GSC-derived exosomes are localized in the cytoplasm of monocytes and trigger their actin reorganization
In order to determine the kinetics of exosome uptake by monocytes, monocytes were exposed to PKH67-labeled GSC- (GSC20, GSC276), fibroblast- (MRC5) and glioma- (U87) derived exosomes for 6, 12, 24, and 48 hours. Flow cytometry data showed the highest uptake of GSC20 and MRC5 exosomes at 48 hours after monocyte exposure (Fig. 3A). At 48 hours, aproximately 60% of monocytes treated with U87- and GSC267-derived exosomes contained exosomes. Confocal microscope studies revealed that exosomes are mainly localized in the cytoplasm of monocytes (Fig. 3B,C). Using phase-contrast microscopy, we observed a higher percentage of adherent GSC-exposed monocytes relative to monocytes exposed to MRC5 or U87 exosomes (data replicated three times; not shown). Our in vitro experiments were performed on monocytes cultured without any stimulating growth factors, e.g., granulocyte macrophage colony-stimulating factor. Under these conditions, 50% of monocytes underwent apoptosis within 48 h (annexin V assay replicated 3 times, data not shown). Monocyte exposure to fibroblast-derived exosomes (FDEs) and GDEs was associated with a 60% and 80% reduction in apoptosis, respectively, indicating that exosomes can confer factors that are crucial for the viability of monocytes. Confocal microscope analysis focused on the cytoarchitecture, using phalloidin staining of the actin filaments in monocytes, revealed that monocytes exposed to GDEs demonstrated enlarged cytoplasms and possessed clear evidence of filopodia, while naïve monocytes and those treated with MRC5- and U87-derived exosomes showed lamellipodia structures (Fig. 3D,E), indicating significant differences in the cytoskeletal restructuring in reaction to various sources of exosomes. More specifically, the presence of filopodia in response to GDEs indicated the triggering of diapedesis.24
GSC-derived exosomes polarize monocytes into M2 macrophage phenotype
In order to ascertain the phenotype of monocytes after GDE internalization, flow cytometric analysis was performed to detect the expression of M1 (MHC II, CD80) and M2 (CD163, CD206) markers, and the immune checkpoint ligand PD-L1. The percentage of monocytes that expressed MHC II after GDE uptake was not significantly altered, but in some instances, there was a further increase in CD80 (Fig. 4A). Notably, the M2 markers, CD163 and CD206, were only enhanced after being exposed to GDEs (Fig. 4A). Furthermore, only the GDEs induced PD-L1 expression in the monocytes. Using a validated PD-L1 antibody (clone 28-8)25 and the monocyte/macrophage cell marker Iba1, double immunofluorescence studies in resected GBM tissue revealed coexpression of the two markers (Fig. 4B, Supplementary .mov file), indicating that this phenotype is present in vivo.
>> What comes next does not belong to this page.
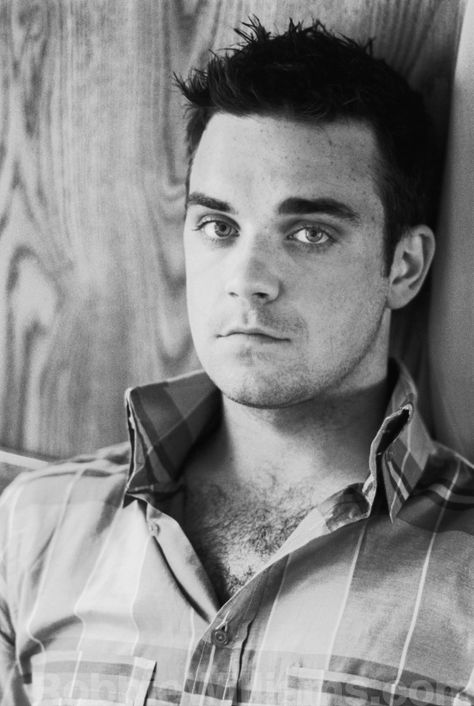 I love me some Robbie Williams!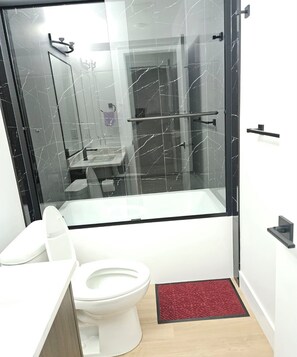 Toallas, jabón, shampoo, papel de baño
Next, we profiled the monocytes after exposure to the exosomes using a 105 cytokines/chemokines multiplex antibody array and found monocyte-chemotactic protein 3 (MCP-3, CCL7) and chemokine (C-X-C motif) ligand 1 (CXCL1) to be augmented in the conditioned medium harvested from monocytes treated with GDEs (Fig. 4C, Supplementary Figure S1). MCP-3 and CXCL1 are both immunological chemokines trophic for monocytes, macrophages, and myeloid derived suppressor cells (MDSC), with the latter also enhancing arteriogenesis.26
GSC-derived exosome cargo contains EIF2, mTOR, and ephrinB signaling pathway proteins
To characterize GDE and FDE content, we performed mass spectrometry analysis. Pathway annotation revealed an overrepresentation of proteins in GDEs relative to FDE related to EIF2 (e.g., EIF3B, EIF1AX, EIF2S1, RPS3A, RPS6, RPS10, RPS15, RPL6, RPL10, RPL22), eIF4/mTOR (p70S6K) (e.g., LAMTOR1, Akt1, PIK3CB), axonal guidance (e.g., ADAM17, AKT1, ROBO1, FYN, CXCR4, PLXNA1, EPHA3, PLCD1,TUBB2A, PRKAR1A, GNA13), ephrin receptor and ephrinB (e.g., EPHB3, EPHB4, EFNB2, STAT3, AKT1, CXCR4), G-beta gamma (e.g., CAV1, AKT1, GNA13, PRKAR1A), and IGF-1 signaling (JAK1, STAT3, AKT1, PIK3CB, IGF1R, IGFBP3) (Fig. 5A, Supplementary Table 1). Cumulatively, these pathways reflect generalized transcriptional reprogramming for monocyte growth, proliferation, and motility by the GDE. Six hundred forty-nine proteins were identified to be significantly overrepresented in GDEs and 294 in FDEs (Fig. 5B, Supplementary Table 2). Gene Ontology analysis showed an enrichment of proteins in GDEs, orginating mostly from the cytoplasm (60%) (Fig. 6A), whereas the FDEs were enriched for proteins related to the extracellular space (35%). A higher percentage of proteins in GDEs were found to be enzymes and transporters when compared with the FDE cargo (Fig. 6B).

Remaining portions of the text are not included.